Christmastime. It’s supposed to be the happiest time of the year. That’s what the iconic song tells us, anyway. But is it really? Are you really happier during the Christmas season than during any other time of year?
For some people, Christmas is most decidedly not the happiest time. Christmas can be a difficult time for many, particularly people that are alone, or that have suffered a significant loss recently. But for most of us, happily, the answer to that question is yes; Christmas is the happiest time of the year.
But that doesn’t mean that Christmas isn’t also the most stressful time of year.
Lots to Stress About…
Happiness and stress are not mutually exclusive. It’s certainly possible to be happy, to be enjoying life, and to be stressed-out to the max. And that’s especially true during Christmastime, when there’s plenty to be stressed about. Parties, shopping, financial strain, time pressures – these all take a toll during the Christmas season.
Financial stress, in particular, is a biggie. After all, who doesn’t feel the pressure to spend, spend, and spend in the traditional holiday gift-buying frenzy? Studies have indicated that more than half of the general population endures soaring stress levels during Christmas because of financial strain.
There’s a physical component to your Christmas stress, too. The parties and socializing that come with Christmas puts you into contact with more people – and right in the midst of cold and flu season. So you’re exposed to more potential bug-carriers during the holiday season.

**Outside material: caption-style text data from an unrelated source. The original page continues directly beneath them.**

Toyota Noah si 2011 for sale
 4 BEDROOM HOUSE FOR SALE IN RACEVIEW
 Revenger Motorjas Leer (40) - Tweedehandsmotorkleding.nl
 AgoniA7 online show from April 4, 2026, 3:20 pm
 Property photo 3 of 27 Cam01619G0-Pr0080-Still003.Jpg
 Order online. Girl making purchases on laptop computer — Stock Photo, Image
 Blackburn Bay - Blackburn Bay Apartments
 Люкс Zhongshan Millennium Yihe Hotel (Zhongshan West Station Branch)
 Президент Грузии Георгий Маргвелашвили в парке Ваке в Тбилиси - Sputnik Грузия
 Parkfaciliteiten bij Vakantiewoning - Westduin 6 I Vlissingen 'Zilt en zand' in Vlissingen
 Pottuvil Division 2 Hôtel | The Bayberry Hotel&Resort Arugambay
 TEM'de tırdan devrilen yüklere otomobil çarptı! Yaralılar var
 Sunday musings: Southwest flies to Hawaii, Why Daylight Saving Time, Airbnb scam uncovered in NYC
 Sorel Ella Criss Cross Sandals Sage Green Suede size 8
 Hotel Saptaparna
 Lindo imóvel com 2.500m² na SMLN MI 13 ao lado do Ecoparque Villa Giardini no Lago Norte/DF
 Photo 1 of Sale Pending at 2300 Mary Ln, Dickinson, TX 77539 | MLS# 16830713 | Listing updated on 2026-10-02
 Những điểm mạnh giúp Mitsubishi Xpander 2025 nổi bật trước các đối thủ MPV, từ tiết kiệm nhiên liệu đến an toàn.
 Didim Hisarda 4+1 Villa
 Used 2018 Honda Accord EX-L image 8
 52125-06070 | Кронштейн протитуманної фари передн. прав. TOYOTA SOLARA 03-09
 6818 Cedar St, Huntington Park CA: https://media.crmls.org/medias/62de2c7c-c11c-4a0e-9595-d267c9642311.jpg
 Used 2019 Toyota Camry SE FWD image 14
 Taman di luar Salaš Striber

Diets tend to go out the window, and exercise programs get ditched for the duration. And all the holiday activities leave you more fatigued than normal, and that lowers your immune system’s defenses, making you more susceptible to contracting an illness. It’s a vicious circle!
Tips for Battling Christmas Stress
Let’s be honest – it’s really not practical to hope for the elimination of all Christmas stress. Unless you decide to completely cast off the shackles of modern life and hermitize yourself on a desert isle, you’ll likely continue to be affected by the activities of the Christmas season.
But it’s certainly possible to reduce the amount of stress those activities generate. Here are a few tips for doing so:
- Budget. Yep, the b-word. But determining what you can reasonably afford to spend on your gift shopping can really help. Calculate the total amount that you can spend, divide that amount by the number of gifts you need to buy, and there you’ll have it: the amount that you can spend per person. Stick to that limit, and you’ll have cut way back on the amount of financial stress you’ll have to endure this season.
- Moderation. Yes, it’s easy to say, and not so easy to do. But try to go through the holiday season with a mindset of moderation. Sure, you’ll probably still overindulge here and there. But probably not as badly.
- Sleep. It’s important to keep up on your sleep. As much as possible, try to avoid late-night activities that keep you up way past your bedtime. And if you get an occasional chance to turn in early – grab it.
- Exercise. It seems counterintuitive, but keeping up with your exercise routine will actually boost your overall energy level, not drain it. So no matter how fatigued you may feel from holiday activities, don’t let that fatigue become an excuse for wimping out on your exercise routine.
‘Tis the Season…
For most of us, Christmas really is the happiest time of year. It really is the season to be jolly. But that doesn’t mean that Christmas time doesn’t come with its own unique set of stressors.
Do you remember an old gentleman by the name of Ebenezer Scrooge? As you may recall, he didn’t handle his own personal brand of Christmas stress particularly well. But he learned to handle those stresses more gracefully, and immeasurably increased his enjoyment of the holiday season.